The most effective thing I’ve found in recent years is to start early. Get a running start on your resolutions. Once you know what resolutions you want to make next year, you can begin them a few weeks early, and get ahead on your schedule.

Inevitably, life swallows up our time, we get behind, and that feeling of being behind schedule makes the challenge all the more difficult. If you miss a week of Bible reading because your work schedule went crazy, your kids got sick, or you simply let a few days build up, you feel like you’ve got a mountain of make-up work to do.

By starting early, you give yourself a grace-filled cushion. For instance, three weeks of a head-start on a daily Bible reading plan means 21 days of “grace” for the next year. Miss a day, no big deal. Miss a day or two a month and you’re still essentially on schedule.

So start early—-especially if you’re starting from scratch.

Be Accountable

Make your resolutions known to close friends. Tell them your motivations, and recruit their help in keeping you on target. I’m personally not a big fan of using social media for this sort of thing, but you may find it works.

Give your friends permission to ask questions and call you out when you’re drifting from your vision, and keep them in the loop when you reach milestones, so you can celebrate together.

As I said at the beginning, there’s nothing particularly biblical about these kinds of resolutions. Some saints, like Jonathan Edwards, famously lived by resolutions. His were a series of questions and vision statements that guided his life. The missionary Frank Laubach famously resolved to remember the Lord constantly, and played his “Game with Minutes” in order to do so.
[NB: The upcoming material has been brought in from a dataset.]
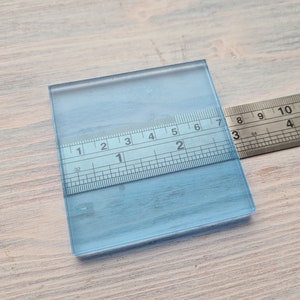May include: A clear blue glass square with a ruler measuring 7 inches across the top. The ruler is marked in 1/32 inch increments.
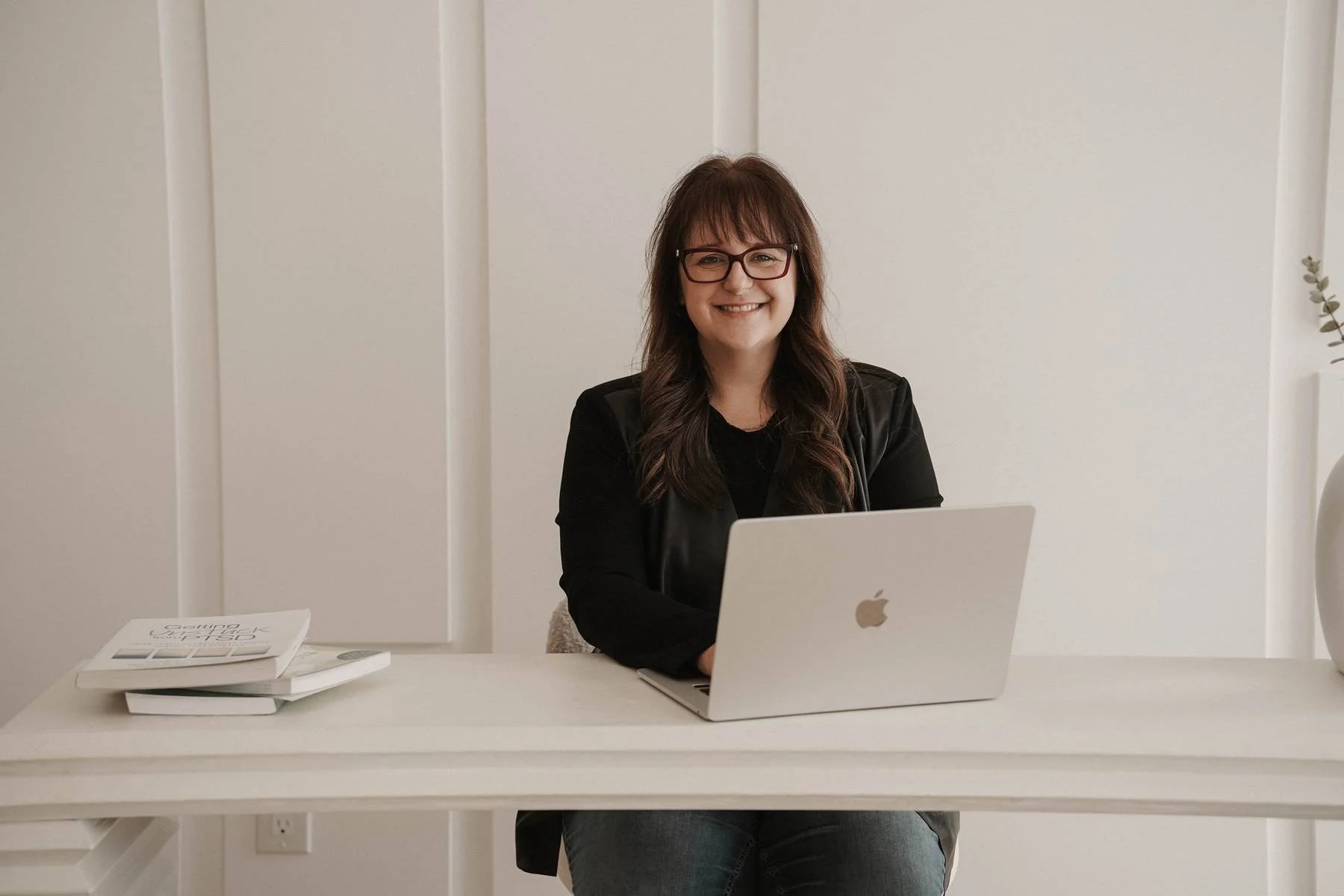 A woman with glasses sitting at a white desk with a silver laptop and some books, smiling at the camera in a minimalist room.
We can’t manipulate the way that God sanctifies us. But we can put ourselves in a place where we’re immersed in Scripture, where we’re seeking to be better able to love and serve others, and where we’re putting to death and replacing bad habits. As the new calendar year comes around, it’s a great chance to make a commitment to these ends. So seize the opportunity; take an inventory of how you’d like to see yourself grow this year; and take simple, practical steps to help make it happen.